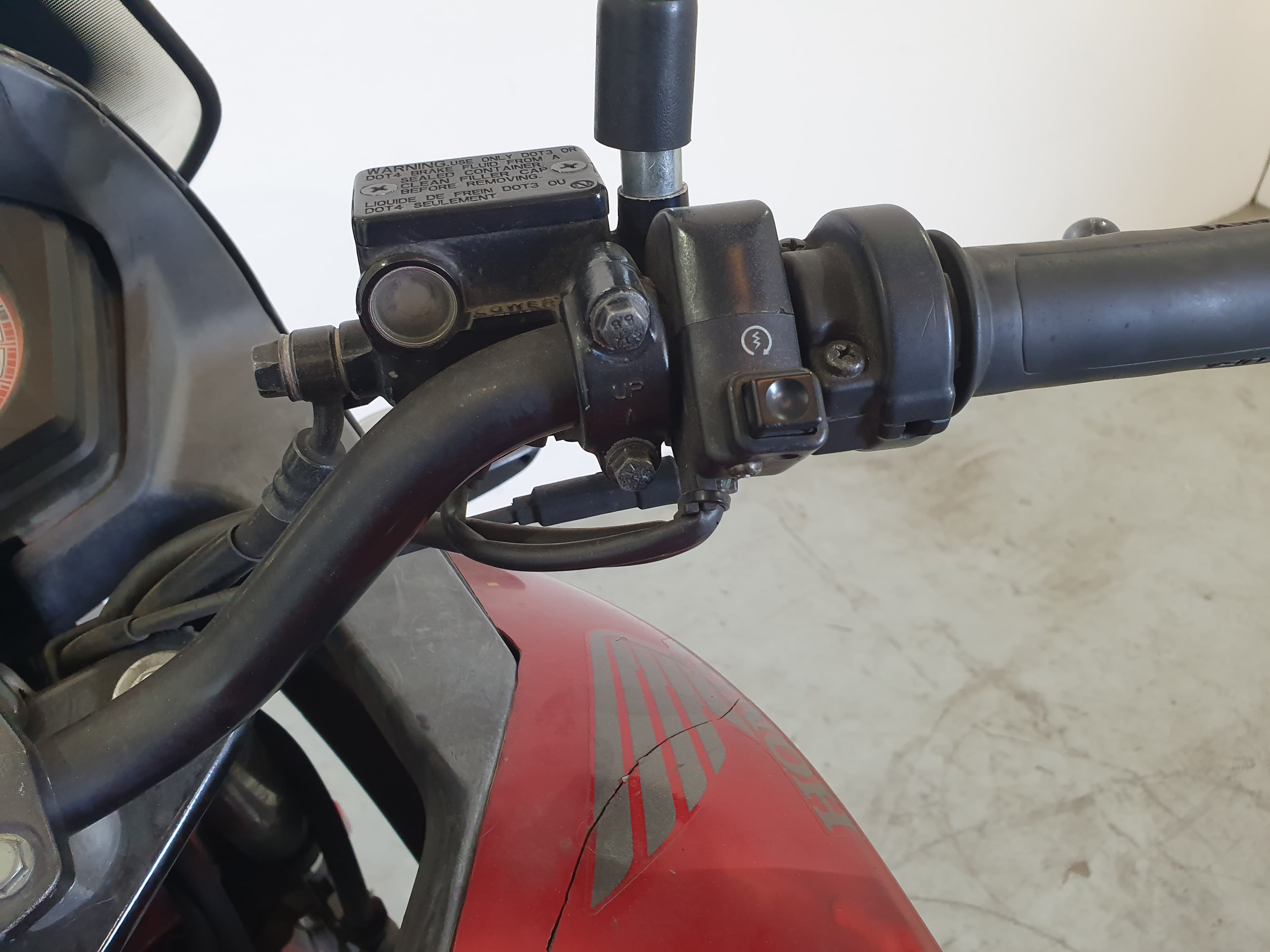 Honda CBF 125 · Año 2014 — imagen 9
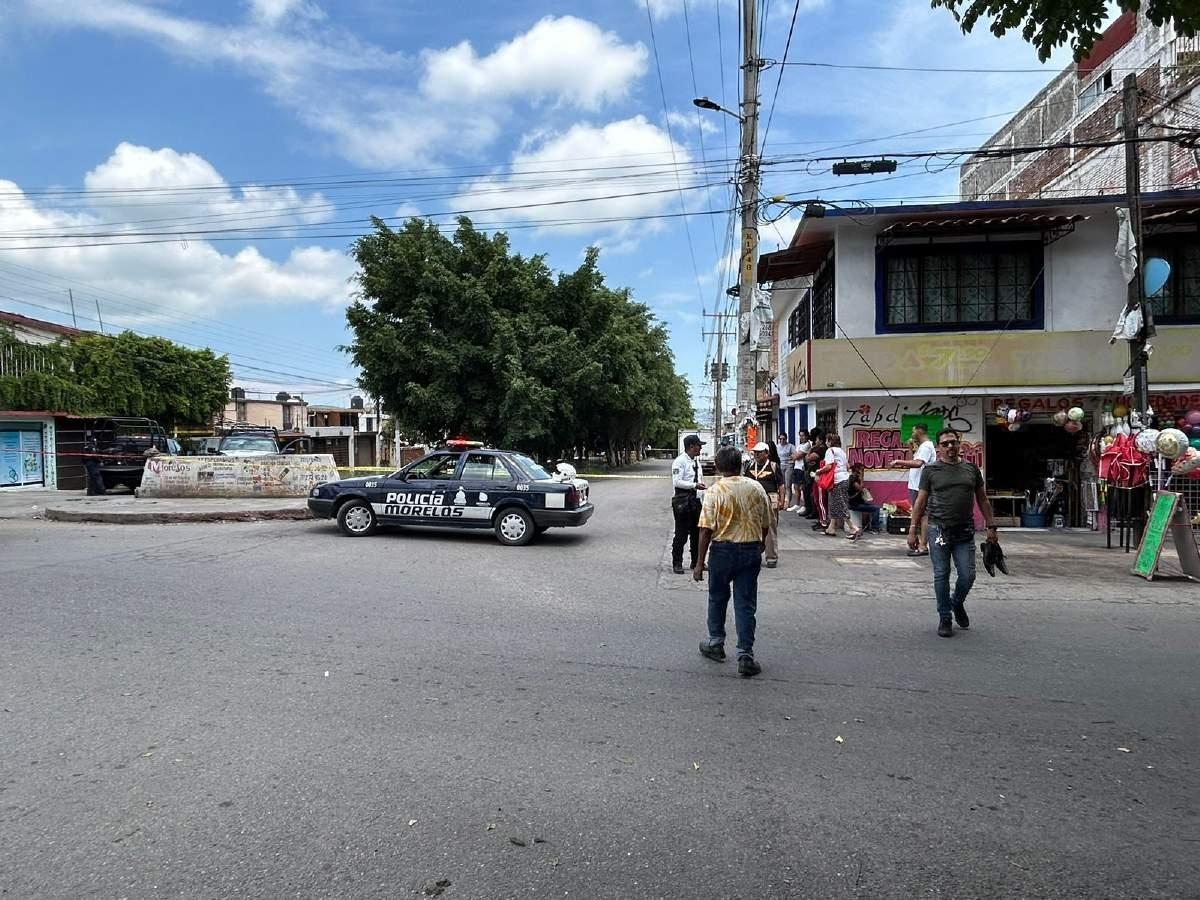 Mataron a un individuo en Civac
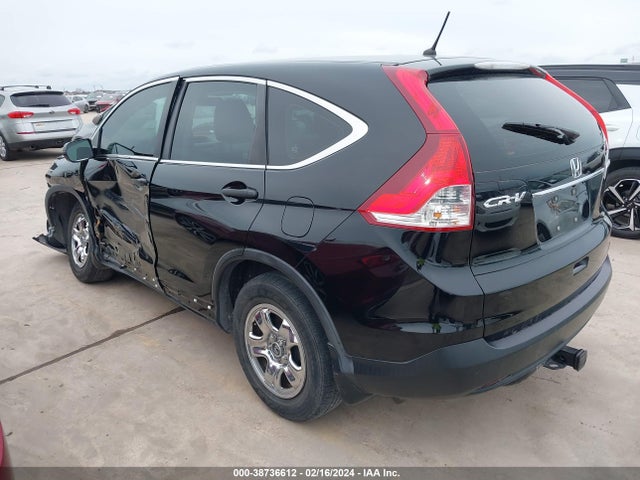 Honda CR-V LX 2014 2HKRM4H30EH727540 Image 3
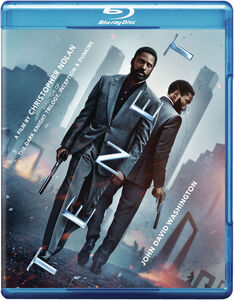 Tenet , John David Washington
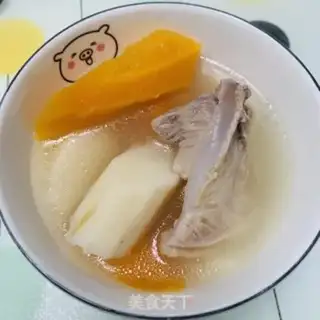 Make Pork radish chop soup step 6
_ _ _ _
**TASK:**
The response should contain every record above exactly as written, and none of the pictures.

**RESPONSE FOR THIS EXERCISE:**
 Honda CBF 125 · Año 2014 — imagen 9
 Mataron a un individuo en Civac
 Honda CR-V LX 2014 2HKRM4H30EH727540 Image 3
 Tenet , John David Washington
 Make Pork radish chop soup step 6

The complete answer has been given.